TO DO
Up to and including the line with "某省水利工程建设质量管理体系报审表.docx_第3页", reproduce the listing below exactly, beginning at its first line.

MATERIAL FOR THE TASK
-- -- --
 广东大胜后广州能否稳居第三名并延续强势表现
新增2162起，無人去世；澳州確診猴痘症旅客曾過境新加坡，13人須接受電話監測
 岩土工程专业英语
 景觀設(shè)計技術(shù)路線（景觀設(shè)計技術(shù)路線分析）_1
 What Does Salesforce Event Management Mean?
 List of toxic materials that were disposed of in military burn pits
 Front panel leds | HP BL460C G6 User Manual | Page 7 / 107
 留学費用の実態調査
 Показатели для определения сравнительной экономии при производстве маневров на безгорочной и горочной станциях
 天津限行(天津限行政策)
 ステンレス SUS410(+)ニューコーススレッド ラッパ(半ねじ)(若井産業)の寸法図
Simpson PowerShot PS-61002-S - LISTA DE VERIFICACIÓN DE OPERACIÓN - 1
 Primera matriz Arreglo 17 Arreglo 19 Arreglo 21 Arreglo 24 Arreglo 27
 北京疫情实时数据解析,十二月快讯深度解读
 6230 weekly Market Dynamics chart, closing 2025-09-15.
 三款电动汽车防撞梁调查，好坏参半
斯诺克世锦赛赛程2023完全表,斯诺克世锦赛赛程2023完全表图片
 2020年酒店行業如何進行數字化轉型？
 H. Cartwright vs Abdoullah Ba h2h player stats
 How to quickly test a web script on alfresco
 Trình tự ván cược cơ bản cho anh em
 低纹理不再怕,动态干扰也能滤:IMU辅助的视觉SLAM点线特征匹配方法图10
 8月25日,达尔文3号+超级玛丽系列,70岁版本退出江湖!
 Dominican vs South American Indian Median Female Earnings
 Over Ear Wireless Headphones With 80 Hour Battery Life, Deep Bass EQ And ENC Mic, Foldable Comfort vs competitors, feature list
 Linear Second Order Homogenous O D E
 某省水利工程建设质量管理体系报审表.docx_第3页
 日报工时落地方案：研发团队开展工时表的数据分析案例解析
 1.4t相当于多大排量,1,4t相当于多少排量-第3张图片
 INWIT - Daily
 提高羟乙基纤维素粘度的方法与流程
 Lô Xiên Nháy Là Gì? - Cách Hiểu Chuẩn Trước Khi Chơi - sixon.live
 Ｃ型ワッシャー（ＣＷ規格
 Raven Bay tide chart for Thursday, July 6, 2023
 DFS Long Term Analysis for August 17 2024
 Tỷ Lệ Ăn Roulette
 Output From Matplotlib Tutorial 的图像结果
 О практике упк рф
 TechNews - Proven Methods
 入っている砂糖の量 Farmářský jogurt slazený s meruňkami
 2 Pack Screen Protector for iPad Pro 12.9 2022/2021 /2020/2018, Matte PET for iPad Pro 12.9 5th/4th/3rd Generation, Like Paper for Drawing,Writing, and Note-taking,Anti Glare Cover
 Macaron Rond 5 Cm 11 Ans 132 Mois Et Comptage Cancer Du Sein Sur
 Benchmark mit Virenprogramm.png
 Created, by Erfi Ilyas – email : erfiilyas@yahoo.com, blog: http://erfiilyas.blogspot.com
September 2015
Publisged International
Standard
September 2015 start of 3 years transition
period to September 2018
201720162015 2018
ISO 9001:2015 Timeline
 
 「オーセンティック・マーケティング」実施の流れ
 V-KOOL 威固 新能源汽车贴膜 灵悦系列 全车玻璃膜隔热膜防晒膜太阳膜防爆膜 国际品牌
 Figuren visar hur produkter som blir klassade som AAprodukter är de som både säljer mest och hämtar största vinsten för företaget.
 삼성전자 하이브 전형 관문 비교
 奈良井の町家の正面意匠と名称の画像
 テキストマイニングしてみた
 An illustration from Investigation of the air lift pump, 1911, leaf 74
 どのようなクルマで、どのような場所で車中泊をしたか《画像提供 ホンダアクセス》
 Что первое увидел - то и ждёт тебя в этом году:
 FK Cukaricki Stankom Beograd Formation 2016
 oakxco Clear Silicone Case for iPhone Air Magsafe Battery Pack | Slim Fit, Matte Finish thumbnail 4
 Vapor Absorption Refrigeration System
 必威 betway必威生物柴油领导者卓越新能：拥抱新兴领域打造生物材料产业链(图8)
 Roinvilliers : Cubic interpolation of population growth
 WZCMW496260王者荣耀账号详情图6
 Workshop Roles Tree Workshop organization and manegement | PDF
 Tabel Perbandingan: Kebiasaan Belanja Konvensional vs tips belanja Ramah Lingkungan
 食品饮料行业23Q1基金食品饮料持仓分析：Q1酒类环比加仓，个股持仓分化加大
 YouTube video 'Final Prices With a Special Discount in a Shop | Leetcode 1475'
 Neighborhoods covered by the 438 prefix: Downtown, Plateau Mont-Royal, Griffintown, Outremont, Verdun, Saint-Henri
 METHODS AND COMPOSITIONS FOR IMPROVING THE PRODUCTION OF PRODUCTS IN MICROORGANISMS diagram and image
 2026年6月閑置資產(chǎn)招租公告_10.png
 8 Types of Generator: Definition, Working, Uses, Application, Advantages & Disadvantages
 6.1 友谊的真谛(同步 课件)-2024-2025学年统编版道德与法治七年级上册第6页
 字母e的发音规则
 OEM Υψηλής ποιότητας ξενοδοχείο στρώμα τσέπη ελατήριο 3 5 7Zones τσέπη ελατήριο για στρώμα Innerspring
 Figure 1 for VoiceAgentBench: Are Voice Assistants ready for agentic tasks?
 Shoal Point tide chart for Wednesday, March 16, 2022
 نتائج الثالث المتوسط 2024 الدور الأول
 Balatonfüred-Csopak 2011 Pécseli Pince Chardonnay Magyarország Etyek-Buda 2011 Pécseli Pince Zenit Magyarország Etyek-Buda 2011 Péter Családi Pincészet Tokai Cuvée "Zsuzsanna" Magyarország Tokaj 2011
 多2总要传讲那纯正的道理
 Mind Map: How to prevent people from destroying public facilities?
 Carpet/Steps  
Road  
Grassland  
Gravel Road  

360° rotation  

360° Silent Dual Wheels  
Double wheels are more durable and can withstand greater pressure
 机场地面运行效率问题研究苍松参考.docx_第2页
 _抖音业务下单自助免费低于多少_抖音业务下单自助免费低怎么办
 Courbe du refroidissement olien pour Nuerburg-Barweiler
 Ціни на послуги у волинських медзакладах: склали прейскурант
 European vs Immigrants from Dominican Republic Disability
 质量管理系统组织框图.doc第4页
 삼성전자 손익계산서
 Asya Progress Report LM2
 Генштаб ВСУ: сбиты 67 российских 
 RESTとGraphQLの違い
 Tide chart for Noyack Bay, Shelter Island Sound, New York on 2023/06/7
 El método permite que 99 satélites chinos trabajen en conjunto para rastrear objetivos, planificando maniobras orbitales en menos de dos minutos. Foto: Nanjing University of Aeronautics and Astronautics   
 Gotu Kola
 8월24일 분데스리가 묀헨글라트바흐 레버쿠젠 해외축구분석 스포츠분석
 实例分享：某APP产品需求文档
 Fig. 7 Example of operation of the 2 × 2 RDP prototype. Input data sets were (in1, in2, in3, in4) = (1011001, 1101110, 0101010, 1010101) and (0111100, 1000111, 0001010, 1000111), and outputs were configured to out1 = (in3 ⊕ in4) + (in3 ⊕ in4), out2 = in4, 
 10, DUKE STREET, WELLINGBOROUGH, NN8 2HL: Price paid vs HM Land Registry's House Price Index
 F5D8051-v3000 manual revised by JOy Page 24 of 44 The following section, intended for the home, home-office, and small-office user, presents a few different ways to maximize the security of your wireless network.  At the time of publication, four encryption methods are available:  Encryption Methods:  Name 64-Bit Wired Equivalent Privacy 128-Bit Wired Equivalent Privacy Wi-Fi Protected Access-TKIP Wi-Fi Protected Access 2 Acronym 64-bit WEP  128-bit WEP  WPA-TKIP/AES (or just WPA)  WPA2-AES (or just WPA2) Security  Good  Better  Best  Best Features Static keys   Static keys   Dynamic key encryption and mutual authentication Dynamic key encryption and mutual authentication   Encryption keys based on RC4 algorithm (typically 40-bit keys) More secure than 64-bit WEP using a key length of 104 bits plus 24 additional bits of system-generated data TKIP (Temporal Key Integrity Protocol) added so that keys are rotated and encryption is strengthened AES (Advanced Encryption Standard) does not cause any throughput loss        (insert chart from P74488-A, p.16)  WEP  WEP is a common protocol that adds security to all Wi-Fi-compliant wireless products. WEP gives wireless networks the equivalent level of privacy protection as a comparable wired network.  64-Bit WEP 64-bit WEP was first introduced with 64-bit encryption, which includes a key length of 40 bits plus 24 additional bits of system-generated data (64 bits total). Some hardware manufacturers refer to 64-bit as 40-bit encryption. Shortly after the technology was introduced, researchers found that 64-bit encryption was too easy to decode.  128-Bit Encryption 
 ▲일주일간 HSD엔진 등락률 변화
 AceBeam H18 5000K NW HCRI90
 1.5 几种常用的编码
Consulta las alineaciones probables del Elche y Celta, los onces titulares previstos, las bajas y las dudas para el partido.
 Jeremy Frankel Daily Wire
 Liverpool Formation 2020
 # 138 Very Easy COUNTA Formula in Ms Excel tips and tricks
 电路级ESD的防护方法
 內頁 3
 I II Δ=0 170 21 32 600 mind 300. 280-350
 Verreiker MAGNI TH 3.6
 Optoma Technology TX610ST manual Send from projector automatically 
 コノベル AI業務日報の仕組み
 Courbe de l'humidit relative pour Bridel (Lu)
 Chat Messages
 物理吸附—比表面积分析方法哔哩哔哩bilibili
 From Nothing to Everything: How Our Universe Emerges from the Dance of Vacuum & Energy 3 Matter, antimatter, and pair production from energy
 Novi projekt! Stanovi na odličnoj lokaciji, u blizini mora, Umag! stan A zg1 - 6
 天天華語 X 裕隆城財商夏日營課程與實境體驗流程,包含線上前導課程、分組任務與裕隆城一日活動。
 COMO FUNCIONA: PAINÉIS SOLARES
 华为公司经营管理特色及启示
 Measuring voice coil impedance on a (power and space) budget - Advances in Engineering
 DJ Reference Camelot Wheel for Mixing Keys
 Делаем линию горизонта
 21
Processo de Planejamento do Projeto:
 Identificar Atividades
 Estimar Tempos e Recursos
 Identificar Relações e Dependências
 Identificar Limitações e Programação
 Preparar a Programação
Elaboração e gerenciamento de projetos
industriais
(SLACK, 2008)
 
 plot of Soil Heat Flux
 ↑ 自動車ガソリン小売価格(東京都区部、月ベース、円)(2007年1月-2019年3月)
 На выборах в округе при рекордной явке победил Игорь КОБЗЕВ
-- -- --
ANSWER
 广东大胜后广州能否稳居第三名并延续强势表现
新增2162起，無人去世；澳州確診猴痘症旅客曾過境新加坡，13人須接受電話監測
 岩土工程专业英语
 景觀設(shè)計技術(shù)路線（景觀設(shè)計技術(shù)路線分析）_1
 What Does Salesforce Event Management Mean?
 List of toxic materials that were disposed of in military burn pits
 Front panel leds | HP BL460C G6 User Manual | Page 7 / 107
 留学費用の実態調査
 Показатели для определения сравнительной экономии при производстве маневров на безгорочной и горочной станциях
 天津限行(天津限行政策)
 ステンレス SUS410(+)ニューコーススレッド ラッパ(半ねじ)(若井産業)の寸法図
Simpson PowerShot PS-61002-S - LISTA DE VERIFICACIÓN DE OPERACIÓN - 1
 Primera matriz Arreglo 17 Arreglo 19 Arreglo 21 Arreglo 24 Arreglo 27
 北京疫情实时数据解析,十二月快讯深度解读
 6230 weekly Market Dynamics chart, closing 2025-09-15.
 三款电动汽车防撞梁调查，好坏参半
斯诺克世锦赛赛程2023完全表,斯诺克世锦赛赛程2023完全表图片
 2020年酒店行業如何進行數字化轉型？
 H. Cartwright vs Abdoullah Ba h2h player stats
 How to quickly test a web script on alfresco
 Trình tự ván cược cơ bản cho anh em
 低纹理不再怕,动态干扰也能滤:IMU辅助的视觉SLAM点线特征匹配方法图10
 8月25日,达尔文3号+超级玛丽系列,70岁版本退出江湖!
 Dominican vs South American Indian Median Female Earnings
 Over Ear Wireless Headphones With 80 Hour Battery Life, Deep Bass EQ And ENC Mic, Foldable Comfort vs competitors, feature list
 Linear Second Order Homogenous O D E
 某省水利工程建设质量管理体系报审表.docx_第3页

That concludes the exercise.